This year’s Virtual Worlds Best Practices in Education conference aims to focus on imagination. Themed Imagination Around the World, this free virtual event takes place in Second Life on March 12–13. Second Life is growing as a venue for education at multiple grade levels. According to Nielsen, Second Life is the second most popular PC game worldwide (behind World of Warcraft). Imagination is sometimes neglected in traditional education settings, but is actually IMO the most important area to develop. Without imagination and creativity what are we? The VWBPE 2010 committee wants to highlight the importance of stimulating the imagination as a means of “sharing knowledge.” Education in virtual worlds relies heavily on collaboration and communication, but would you say that it is more collaborative than traditional education? I guess the answer is, “it depends.”

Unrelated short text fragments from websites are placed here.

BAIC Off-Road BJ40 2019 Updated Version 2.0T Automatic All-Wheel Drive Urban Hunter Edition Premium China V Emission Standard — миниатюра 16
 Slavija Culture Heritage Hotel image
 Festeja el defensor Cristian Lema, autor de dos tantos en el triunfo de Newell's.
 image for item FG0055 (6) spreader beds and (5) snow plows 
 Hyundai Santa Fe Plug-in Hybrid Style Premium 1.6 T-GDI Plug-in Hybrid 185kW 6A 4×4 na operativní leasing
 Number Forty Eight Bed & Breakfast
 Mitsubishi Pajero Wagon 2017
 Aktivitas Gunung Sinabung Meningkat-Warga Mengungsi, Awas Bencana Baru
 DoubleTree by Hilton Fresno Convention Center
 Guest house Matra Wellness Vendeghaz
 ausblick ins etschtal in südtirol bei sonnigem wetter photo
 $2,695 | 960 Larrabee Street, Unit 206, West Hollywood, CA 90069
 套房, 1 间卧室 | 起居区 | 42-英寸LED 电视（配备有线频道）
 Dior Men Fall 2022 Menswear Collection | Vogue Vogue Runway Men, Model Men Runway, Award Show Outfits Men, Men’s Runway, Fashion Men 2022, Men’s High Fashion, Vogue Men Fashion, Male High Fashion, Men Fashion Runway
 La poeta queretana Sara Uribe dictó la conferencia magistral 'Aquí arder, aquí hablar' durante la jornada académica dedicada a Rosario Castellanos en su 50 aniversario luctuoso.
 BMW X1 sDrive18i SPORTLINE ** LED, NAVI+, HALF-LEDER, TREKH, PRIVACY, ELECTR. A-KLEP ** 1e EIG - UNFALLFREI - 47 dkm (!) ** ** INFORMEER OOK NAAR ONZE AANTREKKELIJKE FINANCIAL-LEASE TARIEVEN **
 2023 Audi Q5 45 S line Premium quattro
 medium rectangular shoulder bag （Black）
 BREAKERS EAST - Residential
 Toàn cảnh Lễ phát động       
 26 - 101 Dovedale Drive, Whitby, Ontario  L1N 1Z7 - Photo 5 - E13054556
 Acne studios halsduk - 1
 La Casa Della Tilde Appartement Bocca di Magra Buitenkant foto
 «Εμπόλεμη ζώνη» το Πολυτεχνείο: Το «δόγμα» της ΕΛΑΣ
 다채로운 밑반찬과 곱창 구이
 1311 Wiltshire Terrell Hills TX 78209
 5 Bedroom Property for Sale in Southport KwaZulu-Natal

VWBPE 2009 talk on the U.S. Department of Education’s Handheld Augmented Reality Project (HARP). The project is geared towards engaging middle school students in collaborative learning games. In the video O’Shea differentiates augmented reality as a merging between physical reality and virtual reality.
In general I think that smart people will find ways to educate themselves. I’d like to see learning environments that give students the opportunity to specialize at younger ages. In other words I think it would be beneficial to gear high-school and even some middle-school students towards the subject areas where they excel rather than forcing everyone study every subject (even when they’re just not built for it). Each student might not be as well-rounded but as whole each generation still would be. There’d be more positive engagement and less dropouts. Virtual worlds may be a great resource for accomplishing this because of their ability to open the imagination and at the same time foster communication among like minds across the globe. Thoughts? Anyone planning on attending the conference?